### Records contained in a dataset
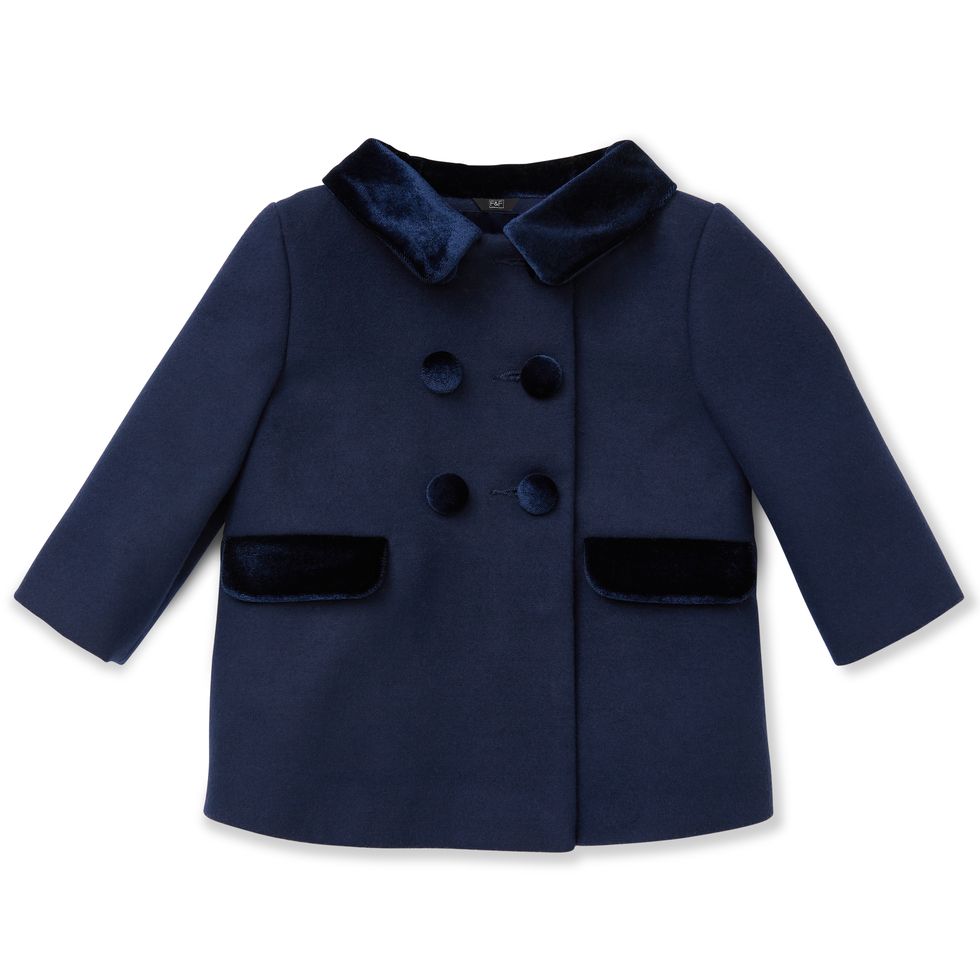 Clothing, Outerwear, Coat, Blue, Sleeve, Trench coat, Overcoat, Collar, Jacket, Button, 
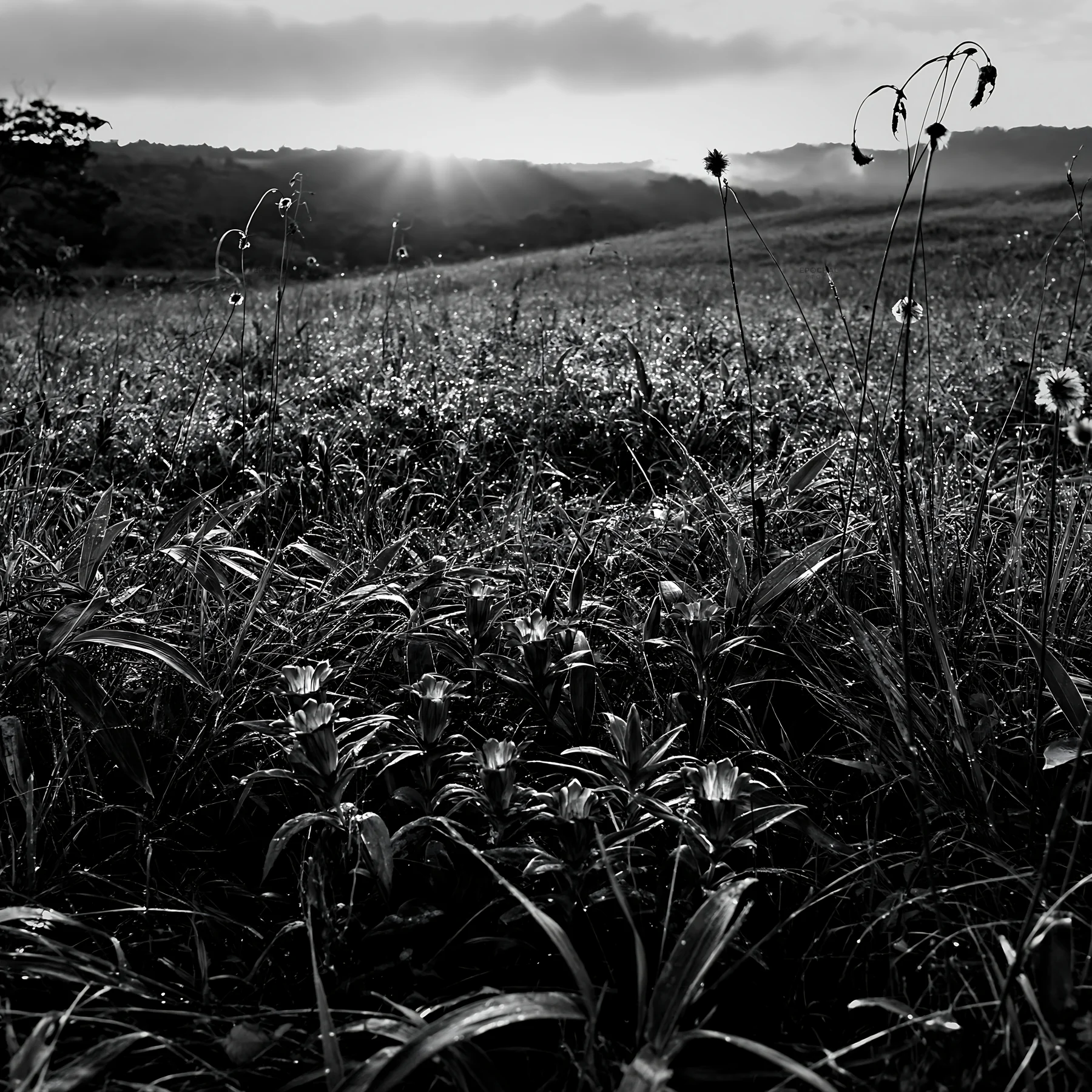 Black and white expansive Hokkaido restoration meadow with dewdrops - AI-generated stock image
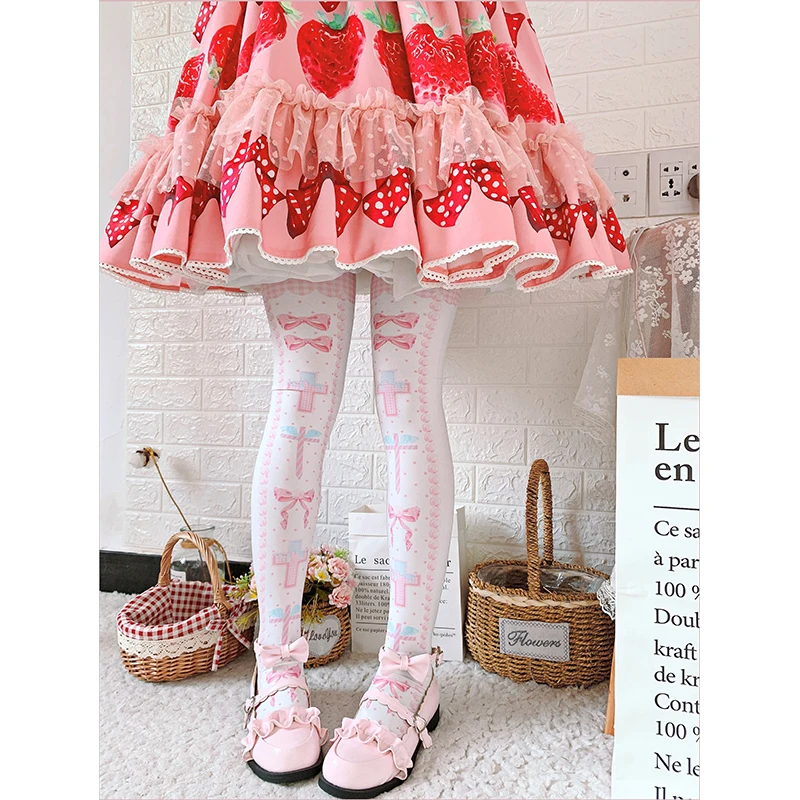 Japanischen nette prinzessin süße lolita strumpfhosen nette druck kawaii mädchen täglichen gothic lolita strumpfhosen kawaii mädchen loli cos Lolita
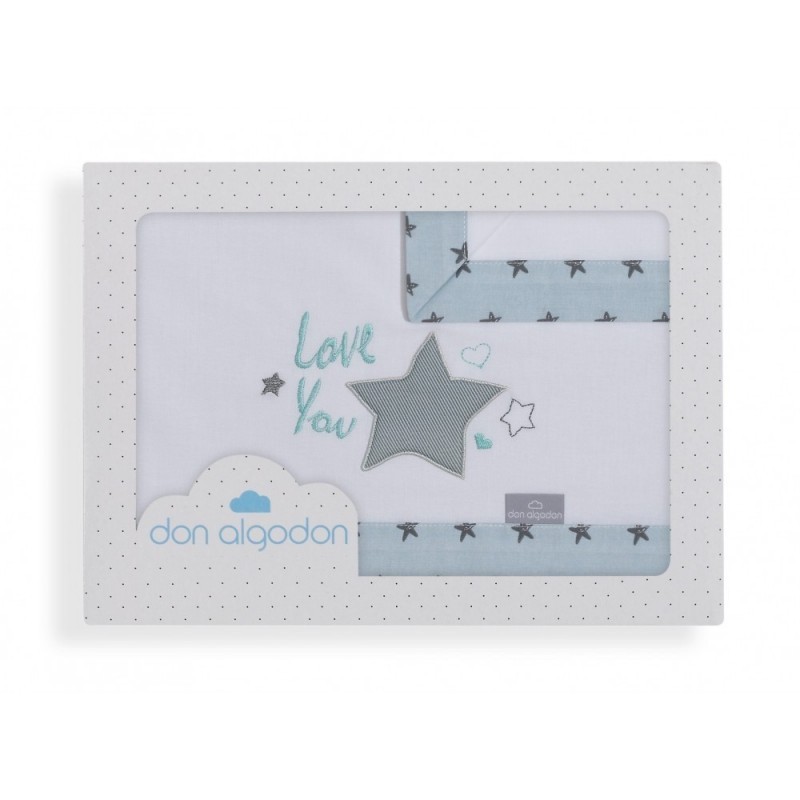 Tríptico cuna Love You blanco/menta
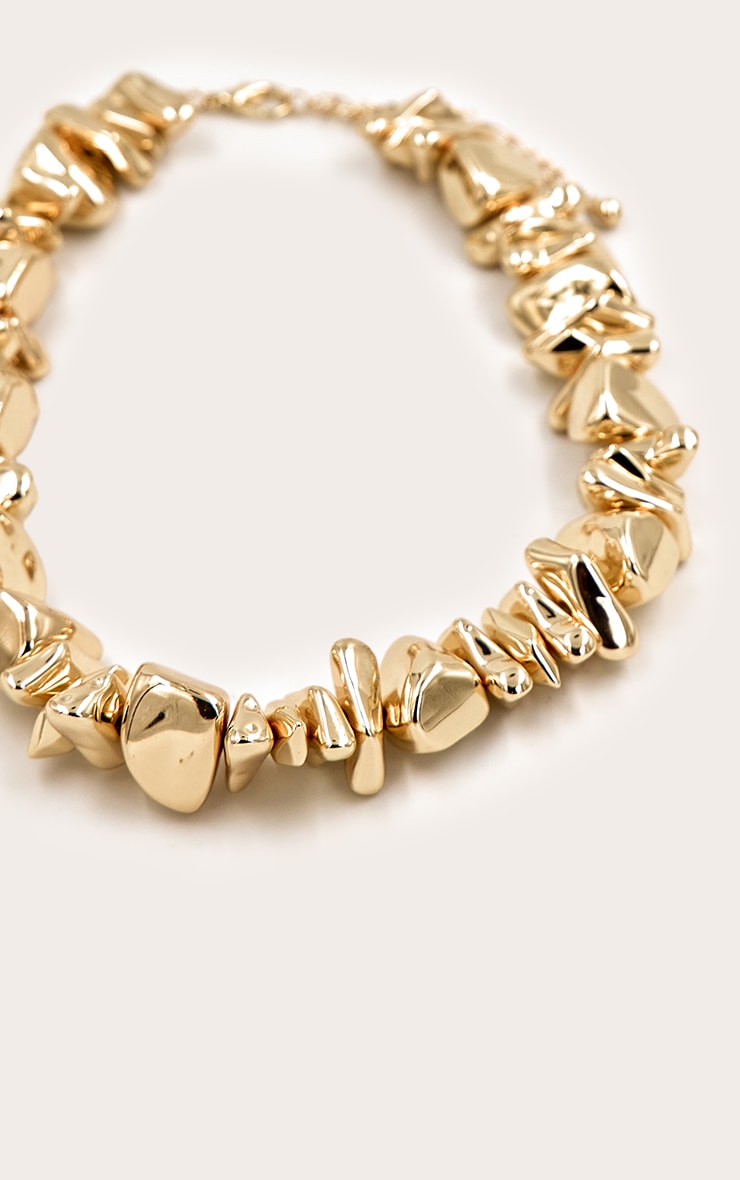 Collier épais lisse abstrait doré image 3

### Work item
For each entry, repeat its text exactly and leave out any picture it holds.

### Written reply
 Clothing, Outerwear, Coat, Blue, Sleeve, Trench coat, Overcoat, Collar, Jacket, Button, 
 Black and white expansive Hokkaido restoration meadow with dewdrops - AI-generated stock image
 Japanischen nette prinzessin süße lolita strumpfhosen nette druck kawaii mädchen täglichen gothic lolita strumpfhosen kawaii mädchen loli cos Lolita
 Tríptico cuna Love You blanco/menta
 Collier épais lisse abstrait doré image 3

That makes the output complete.